You might hear the words “National Insurance” or “NI” get thrown around, or might see it on your payslip. But what exactly is it, and what does it mean?
What is National Insurance?
National Insurance is a form of compulsory tax paid by employees and their employers.
Payment of NI is used to determine whether or not you qualify for state benefits, like the State Pension, Jobseeker’s Allowance, Employment and Support Allowance and Maternity Allowance.
For NHS junior doctors, NI will be automatically deducted from your salary. Unlike your NHS pension, you cannot opt-out of NI payments.
National Insurance rates
Rates of NI vary depending on how much you earn. According to gov.uk, the 2019/20 rates of NI are as follows.
- Workers earning below £166 per week pay no NI
- Workers earning between £166 and £962 per week (£719 to £4,167 per month) pay 12% of their salary as NI
- Any earnings over £962 per week (over £4,167 per month) are charged at 2% of earnings.
(Employers also pay NI on your behalf at a different rate – although from your perspective this is inconsequential and can be ignored.)
Uncommonly, some workers may pay a different rate of NI – these circumstances are outlined here.
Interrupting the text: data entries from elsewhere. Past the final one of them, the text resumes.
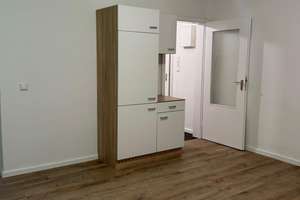 Frisch renovierte 1-Zimmer Wohnung mit EBK! – Wilamowitzweg 18, 37085 Oststadt, Göttingen – Vorschaubild 3
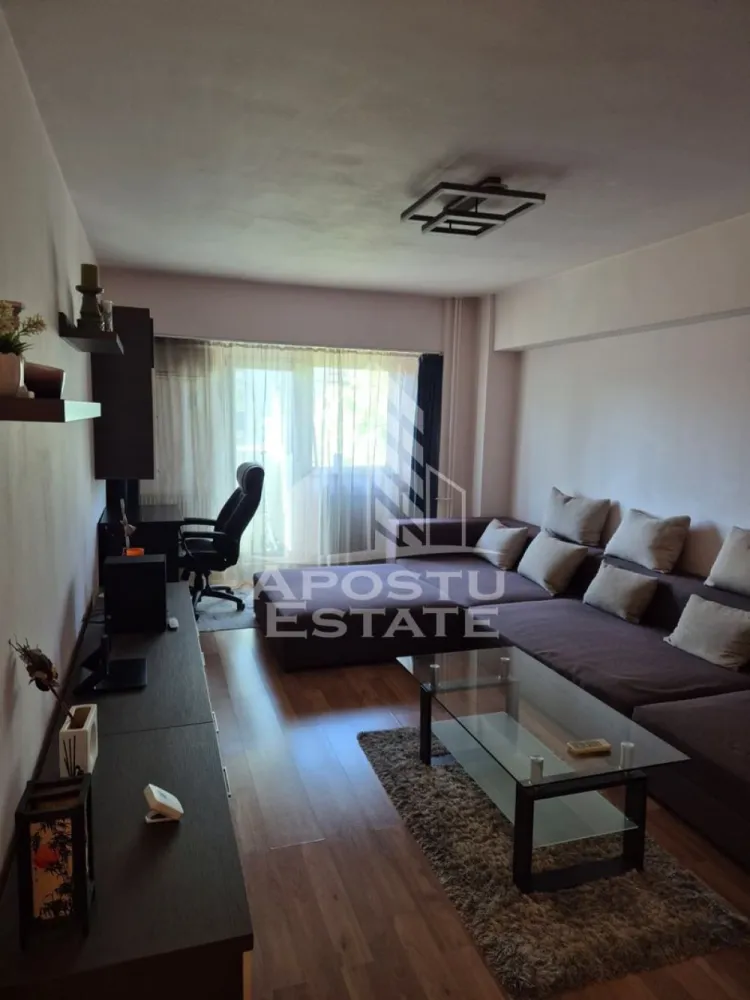 Apartament cu 2 camere , de inchiriat , Zona Complex , Timisoara - Agentia imobiliara APOSTU ESTATE va propune spre inchiriere un apartament cu 2 camere, spatios si luminos, situat in zona Complexul Studențesc ,o zona linistita si bine pozitionata din Timisoara, potrivit pentru cupluri,familii, sau studenti care isi doresc o locuinta unde sa se simta confortabil si cu acces facil catre scoli, statii de autobuz, supermarketuri , magazine de zona, parcuri.

Suprafata utila: 65 mp
Compartimentare eficienta:
-Hol de acces generos
-Bucatarie complet mobilata si utilata, cu loc de luat masa
-Living luminos si spatios
-Dormitor mobilat si utilat
-Baie prevazuta cu cada

Confort si facilitati:
-Incalzirea apartamentului: centrala proprie 
-Apartamentul este complet mobilat si utilat de către proprietar 
Localizare:
-Timis,Timisoara, zona Complexul Studențesc – acces facil spre magazine, supermarketul Lidl, scoli, parcuri si mijloace de transport in comun.

Ideal pentru:
-Familii
-Cupluri
-Studenti
Pret chirie lunara: 400 euro 
Programeaza o vizionare pentru a-ti putea imagina viitorul aici!
ID intern: CP3130911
Most junior doctors, however, will pay the standard rate.
You can use the pay calculator to see how much NI you will pay on the standard rate.
Checking your National Insurance record
Over the course of your career, you will contribute NI payments while earning a salary and living in the UK. Depending on how many years you have paid in, you will be eligible at the State Pension age to receive a full or partial State Pension or none at all.
You can check your record through HMRC’s online account to see whether you are up to date with your payments.
Sometimes you may have a gap in your record if you were not earning a wage, working abroad or earning less than the NI threshold. If this is the case, you may be provided with the option to pay “voluntary contributions” and re-establish your eligibility to reclaim the full State Pension.